GIVEN ENTRIES:
#####
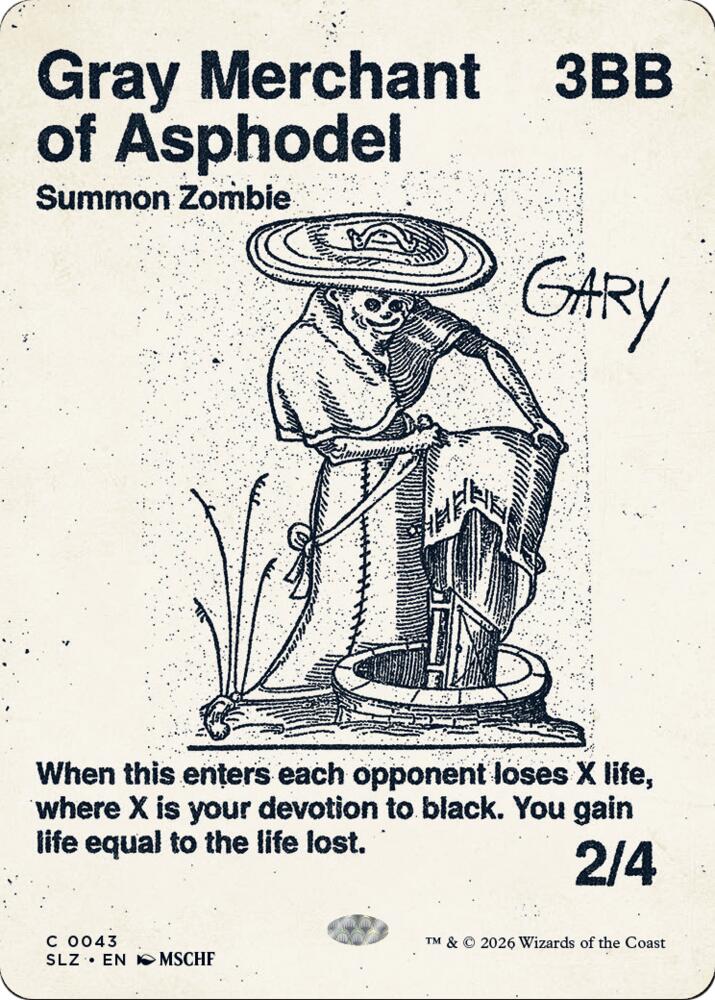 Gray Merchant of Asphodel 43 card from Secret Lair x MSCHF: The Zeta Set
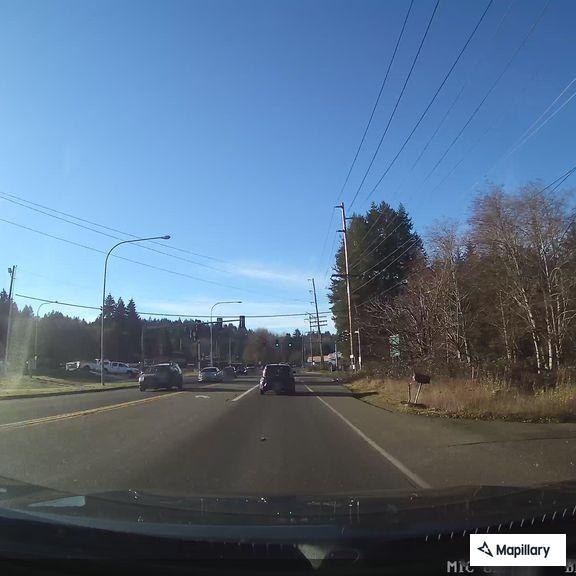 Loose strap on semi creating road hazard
#####
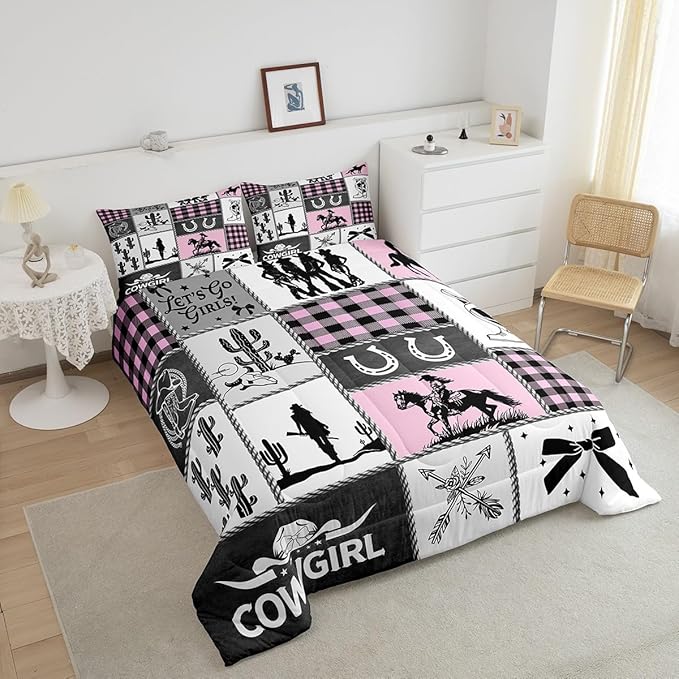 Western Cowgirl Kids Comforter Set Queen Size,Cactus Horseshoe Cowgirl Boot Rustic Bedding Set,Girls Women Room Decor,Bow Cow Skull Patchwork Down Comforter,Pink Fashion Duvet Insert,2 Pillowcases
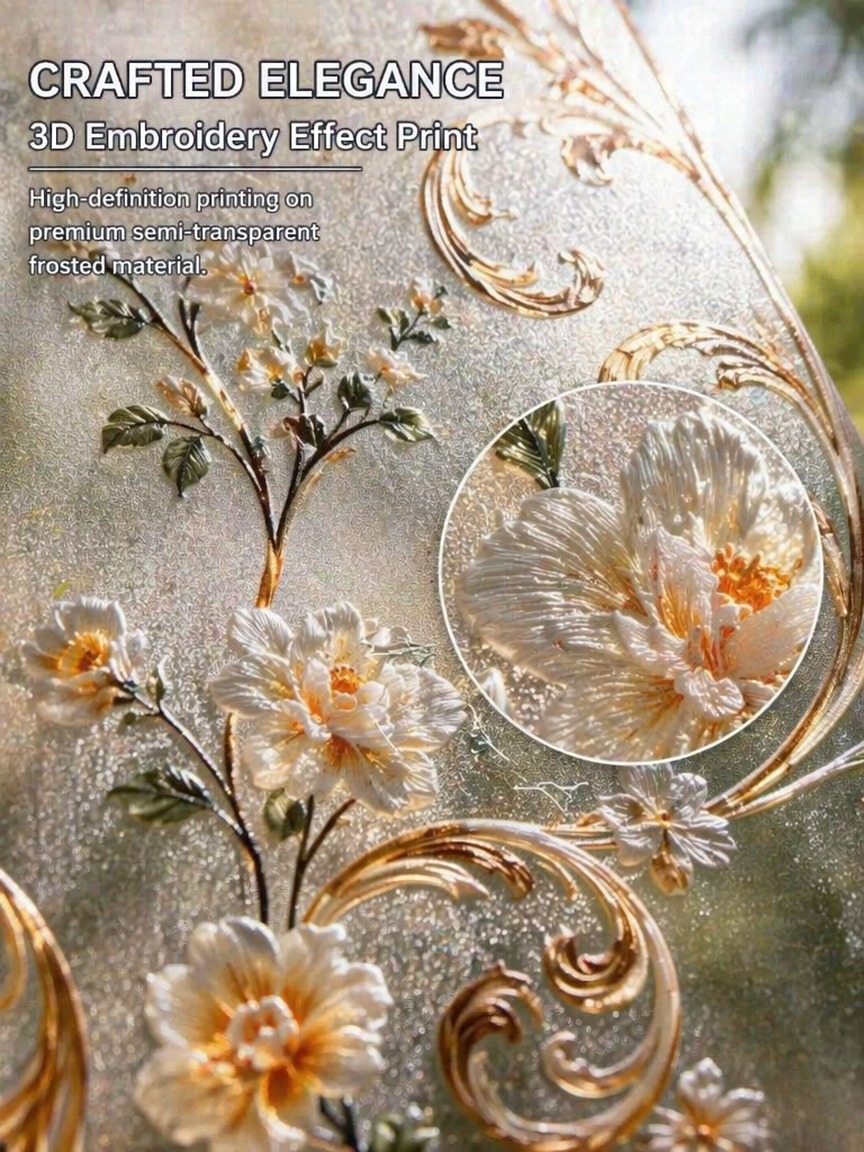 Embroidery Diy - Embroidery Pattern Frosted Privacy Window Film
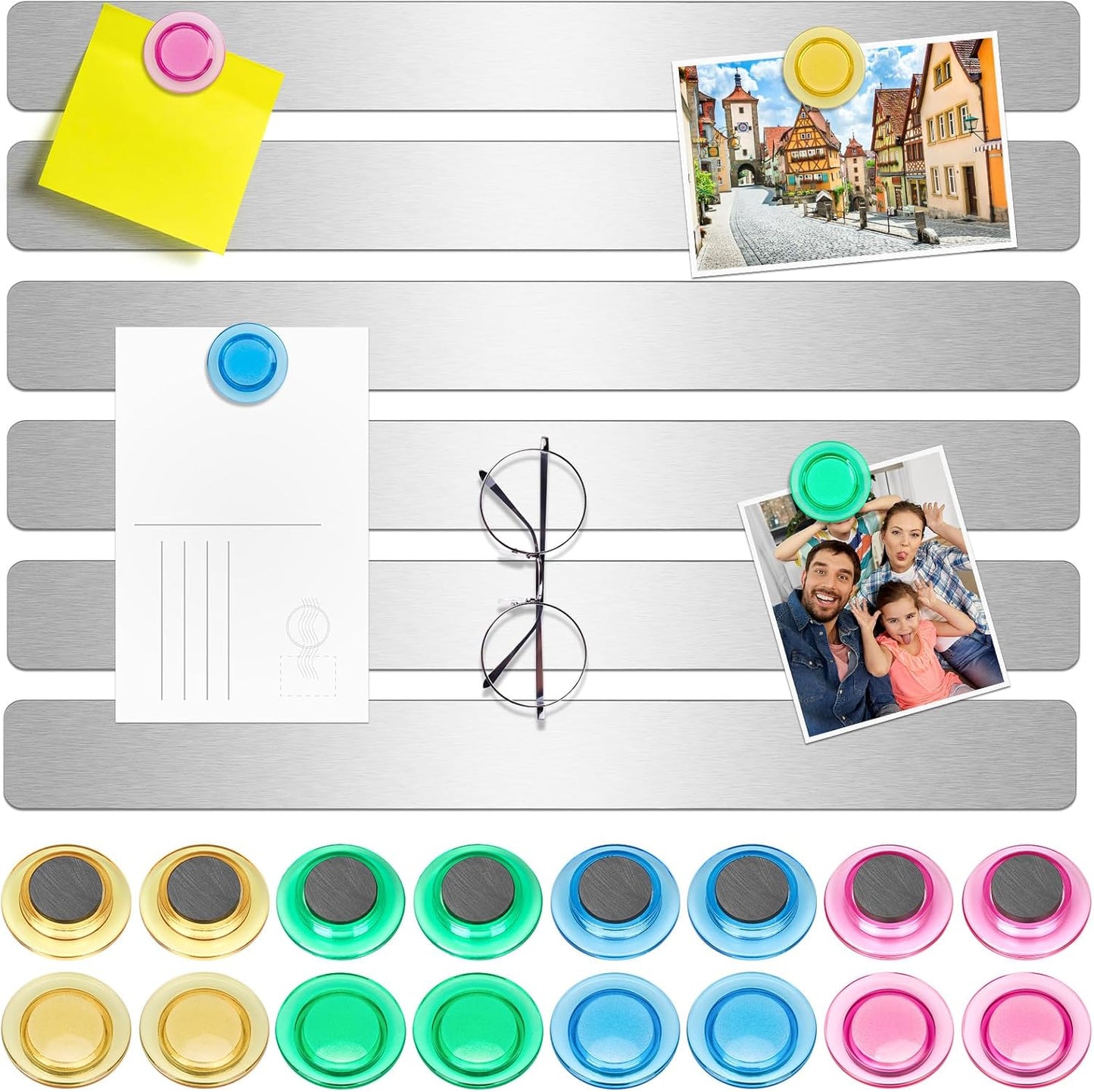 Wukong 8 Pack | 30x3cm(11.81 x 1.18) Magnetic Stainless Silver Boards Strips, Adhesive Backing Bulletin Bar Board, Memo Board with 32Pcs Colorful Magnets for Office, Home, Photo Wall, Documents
#####
WORK INSTRUCTIONS: Pictures aside, return exactly the lines from the data above, starting at the line that has "Western Cowgirl Kids" and ending at the line that has "Wukong 8 Pack", both included.

ANSWER TO THE PROBLEM:
 Western Cowgirl Kids Comforter Set Queen Size,Cactus Horseshoe Cowgirl Boot Rustic Bedding Set,Girls Women Room Decor,Bow Cow Skull Patchwork Down Comforter,Pink Fashion Duvet Insert,2 Pillowcases
 Embroidery Diy - Embroidery Pattern Frosted Privacy Window Film
 Wukong 8 Pack | 30x3cm(11.81 x 1.18) Magnetic Stainless Silver Boards Strips, Adhesive Backing Bulletin Bar Board, Memo Board with 32Pcs Colorful Magnets for Office, Home, Photo Wall, Documents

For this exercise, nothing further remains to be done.